Bulgarian Dreams was a UK-registered property sales agent, specialising in the sale of off plan properties in Bulgaria to buyers mainly from the UK and Ireland. The company announced in December 2008 that it had ceased trading.

Bulgarian Dreams operated from several offices with headquarters at 120 Moorgate, London, UK, EC2M 6SS - now closed

== History ==

=== Early success ===
Bulgarian Dreams sold off plan properties in Bulgaria, marketing the country as an up-and-coming destination with a rapidly developing economy and growing tourist trade. The company was well regarded and won International Residential Property Awards for Real Estate Agency in three consecutive years 2004-2006 including Best Real Estate Agency, Best Property in Bulgaria, Best Property Website and Best Development in Bulgaria from 2004 through to 2006.

The company received widespread news coverage.

=== Ceasing Trading ===

The London office closed around the end of 2008 but the Sofia office remains open and in contact with clients. The Bulgarian Dreams website was replaced in early 2009 with a statement from the company stating that they had decided to cease trading due to prevailing economic conditions. Customers were instructed to liaise directly with the developers of their properties.

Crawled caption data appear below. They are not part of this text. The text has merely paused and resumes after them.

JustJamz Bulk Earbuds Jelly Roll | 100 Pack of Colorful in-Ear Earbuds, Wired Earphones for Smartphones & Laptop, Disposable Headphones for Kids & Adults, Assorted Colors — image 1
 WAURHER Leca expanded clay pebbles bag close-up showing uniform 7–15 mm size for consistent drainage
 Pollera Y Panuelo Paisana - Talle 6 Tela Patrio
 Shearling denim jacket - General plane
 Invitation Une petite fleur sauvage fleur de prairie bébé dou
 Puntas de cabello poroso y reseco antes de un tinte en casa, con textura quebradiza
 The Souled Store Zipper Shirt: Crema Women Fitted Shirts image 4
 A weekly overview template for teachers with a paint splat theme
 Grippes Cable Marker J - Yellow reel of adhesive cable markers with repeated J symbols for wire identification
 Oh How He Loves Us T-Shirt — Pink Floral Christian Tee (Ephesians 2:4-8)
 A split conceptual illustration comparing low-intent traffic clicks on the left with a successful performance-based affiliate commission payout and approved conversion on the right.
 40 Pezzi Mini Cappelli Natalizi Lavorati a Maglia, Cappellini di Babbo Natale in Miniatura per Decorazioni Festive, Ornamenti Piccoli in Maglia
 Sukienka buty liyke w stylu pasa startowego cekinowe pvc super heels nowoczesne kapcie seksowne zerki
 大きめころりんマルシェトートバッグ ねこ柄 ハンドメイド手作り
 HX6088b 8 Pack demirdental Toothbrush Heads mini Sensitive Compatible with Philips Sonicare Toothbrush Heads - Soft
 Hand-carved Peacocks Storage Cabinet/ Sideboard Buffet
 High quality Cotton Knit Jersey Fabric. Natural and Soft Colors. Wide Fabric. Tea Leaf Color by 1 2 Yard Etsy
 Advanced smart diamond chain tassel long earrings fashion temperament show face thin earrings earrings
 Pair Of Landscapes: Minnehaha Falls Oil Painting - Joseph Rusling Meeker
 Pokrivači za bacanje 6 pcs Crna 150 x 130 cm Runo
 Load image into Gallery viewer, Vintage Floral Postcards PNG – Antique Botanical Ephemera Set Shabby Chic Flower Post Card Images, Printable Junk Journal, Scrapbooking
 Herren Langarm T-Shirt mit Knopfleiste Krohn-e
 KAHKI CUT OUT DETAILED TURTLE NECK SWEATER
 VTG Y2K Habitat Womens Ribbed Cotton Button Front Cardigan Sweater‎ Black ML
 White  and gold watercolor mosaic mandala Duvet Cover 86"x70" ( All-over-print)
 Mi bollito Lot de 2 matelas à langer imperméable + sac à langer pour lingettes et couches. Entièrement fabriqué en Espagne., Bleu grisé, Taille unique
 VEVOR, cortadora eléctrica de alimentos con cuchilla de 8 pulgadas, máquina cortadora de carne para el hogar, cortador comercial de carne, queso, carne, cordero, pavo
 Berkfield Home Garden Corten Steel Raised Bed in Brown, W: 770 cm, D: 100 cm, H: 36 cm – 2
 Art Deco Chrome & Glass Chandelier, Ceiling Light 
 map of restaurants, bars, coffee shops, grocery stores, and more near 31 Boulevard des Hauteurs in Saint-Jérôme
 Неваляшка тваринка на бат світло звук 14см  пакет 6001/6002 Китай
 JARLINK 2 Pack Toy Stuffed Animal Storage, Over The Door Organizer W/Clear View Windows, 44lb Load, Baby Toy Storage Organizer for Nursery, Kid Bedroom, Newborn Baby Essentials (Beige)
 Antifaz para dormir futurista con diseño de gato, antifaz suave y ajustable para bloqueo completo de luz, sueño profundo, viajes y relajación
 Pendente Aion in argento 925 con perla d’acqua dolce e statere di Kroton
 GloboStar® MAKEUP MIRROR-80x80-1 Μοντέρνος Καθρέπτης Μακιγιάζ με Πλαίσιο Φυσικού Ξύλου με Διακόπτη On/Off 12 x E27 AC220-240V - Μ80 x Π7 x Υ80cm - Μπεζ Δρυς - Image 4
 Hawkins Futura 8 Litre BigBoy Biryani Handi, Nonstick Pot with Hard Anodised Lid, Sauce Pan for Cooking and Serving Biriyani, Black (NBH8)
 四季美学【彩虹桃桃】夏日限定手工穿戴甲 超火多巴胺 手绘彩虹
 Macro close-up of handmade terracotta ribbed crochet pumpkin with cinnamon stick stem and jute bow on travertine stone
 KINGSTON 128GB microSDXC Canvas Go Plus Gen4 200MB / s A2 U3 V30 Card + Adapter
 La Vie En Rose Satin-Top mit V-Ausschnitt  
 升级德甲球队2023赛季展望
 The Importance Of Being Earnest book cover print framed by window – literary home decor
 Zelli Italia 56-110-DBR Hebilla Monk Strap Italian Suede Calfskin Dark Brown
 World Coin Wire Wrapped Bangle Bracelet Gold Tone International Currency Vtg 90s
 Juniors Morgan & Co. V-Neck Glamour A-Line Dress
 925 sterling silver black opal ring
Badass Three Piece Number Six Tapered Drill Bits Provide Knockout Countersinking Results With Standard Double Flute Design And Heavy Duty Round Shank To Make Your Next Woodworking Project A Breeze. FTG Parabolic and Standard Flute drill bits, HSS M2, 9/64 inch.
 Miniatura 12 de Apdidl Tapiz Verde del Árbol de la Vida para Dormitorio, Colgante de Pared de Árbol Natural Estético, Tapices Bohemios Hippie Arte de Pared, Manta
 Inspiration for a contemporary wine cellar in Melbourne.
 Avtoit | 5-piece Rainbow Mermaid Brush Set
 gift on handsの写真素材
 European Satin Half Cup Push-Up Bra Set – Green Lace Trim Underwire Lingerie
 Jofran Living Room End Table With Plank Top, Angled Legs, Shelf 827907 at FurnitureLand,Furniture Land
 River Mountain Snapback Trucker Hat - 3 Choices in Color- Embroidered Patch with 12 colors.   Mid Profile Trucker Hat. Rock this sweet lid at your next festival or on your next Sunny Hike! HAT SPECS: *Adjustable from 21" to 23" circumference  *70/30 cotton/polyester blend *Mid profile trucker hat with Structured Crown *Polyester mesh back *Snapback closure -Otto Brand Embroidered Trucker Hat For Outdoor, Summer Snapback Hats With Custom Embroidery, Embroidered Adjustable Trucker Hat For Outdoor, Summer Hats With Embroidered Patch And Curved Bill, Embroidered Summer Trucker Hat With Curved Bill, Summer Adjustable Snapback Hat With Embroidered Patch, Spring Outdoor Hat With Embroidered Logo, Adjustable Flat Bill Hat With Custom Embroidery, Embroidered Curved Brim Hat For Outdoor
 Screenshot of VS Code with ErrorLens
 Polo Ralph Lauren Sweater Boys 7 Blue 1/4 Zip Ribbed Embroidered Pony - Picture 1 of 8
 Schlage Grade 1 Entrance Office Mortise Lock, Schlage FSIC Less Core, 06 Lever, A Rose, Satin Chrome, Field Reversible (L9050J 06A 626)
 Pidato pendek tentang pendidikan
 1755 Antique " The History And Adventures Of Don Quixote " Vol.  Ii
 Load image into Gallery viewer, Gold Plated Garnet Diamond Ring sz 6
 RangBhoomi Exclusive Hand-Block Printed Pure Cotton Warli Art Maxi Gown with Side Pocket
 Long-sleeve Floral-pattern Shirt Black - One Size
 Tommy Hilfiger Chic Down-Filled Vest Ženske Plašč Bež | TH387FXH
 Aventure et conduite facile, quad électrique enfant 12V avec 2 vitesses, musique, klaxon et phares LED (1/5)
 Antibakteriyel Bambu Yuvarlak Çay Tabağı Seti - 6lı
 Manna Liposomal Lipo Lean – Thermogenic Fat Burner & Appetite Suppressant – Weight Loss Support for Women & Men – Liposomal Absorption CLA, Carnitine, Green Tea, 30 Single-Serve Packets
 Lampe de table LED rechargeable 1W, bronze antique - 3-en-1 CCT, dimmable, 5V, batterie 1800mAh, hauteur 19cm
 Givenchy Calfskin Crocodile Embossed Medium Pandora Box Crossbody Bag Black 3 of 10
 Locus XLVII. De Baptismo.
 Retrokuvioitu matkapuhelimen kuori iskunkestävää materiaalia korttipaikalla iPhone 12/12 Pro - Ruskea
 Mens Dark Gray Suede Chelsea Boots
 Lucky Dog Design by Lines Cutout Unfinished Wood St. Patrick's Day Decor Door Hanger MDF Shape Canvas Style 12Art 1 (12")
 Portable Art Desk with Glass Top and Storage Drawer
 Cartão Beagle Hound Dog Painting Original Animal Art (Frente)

== Customer complaints and adverse publicity ==
Bulgarian Dreams has received negative media coverage, with customer dissatisfaction gaining pace through 2008 and into 2009. Buyers have complained that the properties they have paid for (either in part or in full) were left incomplete, or delayed due to financial problems and/or planning permission issues.

The BBC’s consumer affairs programme Watchdog featured a story on Bulgarian Dreams which aired on 9 February 2009 in the UK. This highlighted the problems experienced by one buyer who purchased an apartment at the Windows To Paradise development on the Black Sea coast being built by the development company Interlink. It was noted that Robert Jenkin had been a director of the company until November 2006.

Watchdog broadcast an update to the story the following week, on 16 February 2009. This featured more dissatisfied customers.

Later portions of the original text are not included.